▶ **RECORDED DATA**:
==*==
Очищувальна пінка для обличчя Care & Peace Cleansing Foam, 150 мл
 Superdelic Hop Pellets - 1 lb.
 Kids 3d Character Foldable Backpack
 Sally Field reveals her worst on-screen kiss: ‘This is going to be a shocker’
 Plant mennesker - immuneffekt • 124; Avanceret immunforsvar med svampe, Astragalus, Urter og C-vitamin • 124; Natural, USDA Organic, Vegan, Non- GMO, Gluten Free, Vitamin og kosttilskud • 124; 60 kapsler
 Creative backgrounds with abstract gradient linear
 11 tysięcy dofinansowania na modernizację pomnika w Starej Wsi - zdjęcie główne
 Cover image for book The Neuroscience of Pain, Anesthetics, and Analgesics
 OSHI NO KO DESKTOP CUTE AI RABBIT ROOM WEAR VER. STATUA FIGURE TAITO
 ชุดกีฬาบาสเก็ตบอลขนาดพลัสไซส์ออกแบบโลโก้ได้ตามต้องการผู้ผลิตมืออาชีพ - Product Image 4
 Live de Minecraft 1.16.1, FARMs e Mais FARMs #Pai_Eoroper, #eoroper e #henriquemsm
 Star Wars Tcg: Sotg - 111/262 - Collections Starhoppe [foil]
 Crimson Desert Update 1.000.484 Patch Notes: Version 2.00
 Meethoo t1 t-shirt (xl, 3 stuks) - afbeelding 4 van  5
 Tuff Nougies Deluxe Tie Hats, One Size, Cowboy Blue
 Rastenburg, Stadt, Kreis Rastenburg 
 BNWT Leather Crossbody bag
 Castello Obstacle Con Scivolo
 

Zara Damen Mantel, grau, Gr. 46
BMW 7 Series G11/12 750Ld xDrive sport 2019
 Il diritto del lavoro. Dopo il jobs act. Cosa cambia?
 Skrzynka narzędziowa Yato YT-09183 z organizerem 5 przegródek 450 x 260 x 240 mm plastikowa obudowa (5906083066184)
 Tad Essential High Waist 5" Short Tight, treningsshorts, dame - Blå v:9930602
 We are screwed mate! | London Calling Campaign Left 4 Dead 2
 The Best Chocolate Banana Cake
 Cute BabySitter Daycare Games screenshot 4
==*==
▶ **EXERCISE BRIEF**:
Quote in full each line from the top of the records above through the line with "Skrzynka narzędziowa Yato"; stop after that line.

▶ **RESPONSE FOR THIS EXERCISE**:
Очищувальна пінка для обличчя Care & Peace Cleansing Foam, 150 мл
 Superdelic Hop Pellets - 1 lb.
 Kids 3d Character Foldable Backpack
 Sally Field reveals her worst on-screen kiss: ‘This is going to be a shocker’
 Plant mennesker - immuneffekt • 124; Avanceret immunforsvar med svampe, Astragalus, Urter og C-vitamin • 124; Natural, USDA Organic, Vegan, Non- GMO, Gluten Free, Vitamin og kosttilskud • 124; 60 kapsler
 Creative backgrounds with abstract gradient linear
 11 tysięcy dofinansowania na modernizację pomnika w Starej Wsi - zdjęcie główne
 Cover image for book The Neuroscience of Pain, Anesthetics, and Analgesics
 OSHI NO KO DESKTOP CUTE AI RABBIT ROOM WEAR VER. STATUA FIGURE TAITO
 ชุดกีฬาบาสเก็ตบอลขนาดพลัสไซส์ออกแบบโลโก้ได้ตามต้องการผู้ผลิตมืออาชีพ - Product Image 4
 Live de Minecraft 1.16.1, FARMs e Mais FARMs #Pai_Eoroper, #eoroper e #henriquemsm
 Star Wars Tcg: Sotg - 111/262 - Collections Starhoppe [foil]
 Crimson Desert Update 1.000.484 Patch Notes: Version 2.00
 Meethoo t1 t-shirt (xl, 3 stuks) - afbeelding 4 van  5
 Tuff Nougies Deluxe Tie Hats, One Size, Cowboy Blue
 Rastenburg, Stadt, Kreis Rastenburg 
 BNWT Leather Crossbody bag
 Castello Obstacle Con Scivolo
 

Zara Damen Mantel, grau, Gr. 46
BMW 7 Series G11/12 750Ld xDrive sport 2019
 Il diritto del lavoro. Dopo il jobs act. Cosa cambia?
 Skrzynka narzędziowa Yato YT-09183 z organizerem 5 przegródek 450 x 260 x 240 mm plastikowa obudowa (5906083066184)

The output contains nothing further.